To the best of our knowledge, this the first case of stent disruption resulting from the use of orbital atherectomy. A case has been reported previously of an unwound device as a result of stent interaction where the wire was inserted behind a stent strut.6 It was hypothesized to have occurred as a result of the inherent nature of the device, comprised of a sanding disc (made of twisted, supportive wires) and coiled wires, features that provide radial strength and elasticity. Upon stretching of the device, spaces can develop and result in stent strut and device interaction.
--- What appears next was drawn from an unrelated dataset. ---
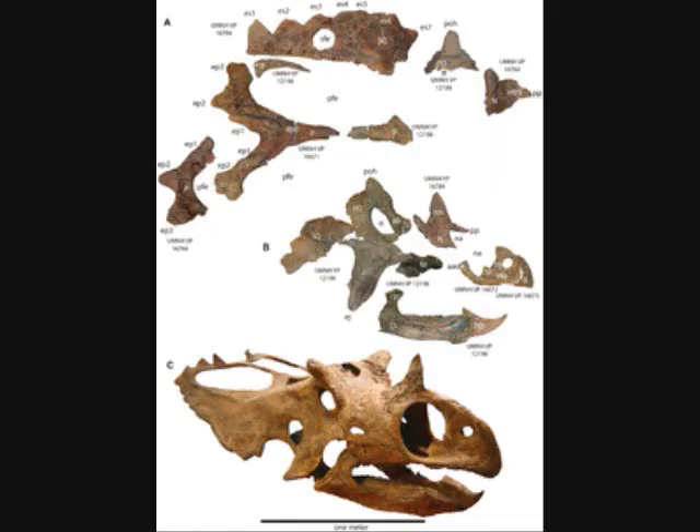Two more ceratopsians have also been found, and that has been a lot of ceratopsians found this year — a whole bunch. I wonder how many more are going to be discovered before next year. They were discovered on the continent split by the sea that divided North America — the left, skinnier continent, which I can't remember the name of but it starts with an L.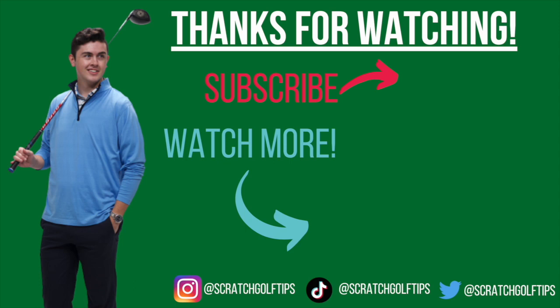If you'd like to see more content like this, feel free to subscribe to the Scratch Golf Tips channel to see all of our future uploads. And if you want to see more player analysis, we have a player analysis playlist on our page you can go through and look at all those videos. Thank you all very much for watching — play well and take care.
Our case is unique, as the OCT pre-orbital atherectomy demonstrated the wire being free in the lumen of the vessel rather than behind a stent strut. Caution should be taken at high speed (120,000 revolutions per minute) and 1 mm/sec advancement rate, as this allows the crown to create a larger orbit of around 2.0 mm and increases interaction with the stent. Intravascular imaging using intravascular ultrasound or OCT is particularly helpful in assessing the lumen/stent diameters and avoiding wiring under stent struts. The main aim of using rotational/orbital atherectomy in the management of ISR is debulking the ISR, as well as the underlying calcific/fibrotic plaque. Diameters and wire position derived from intravascular imaging can assist in preventing such complications.
Disclosures: The authors report no conflicts of interest regarding the content herein.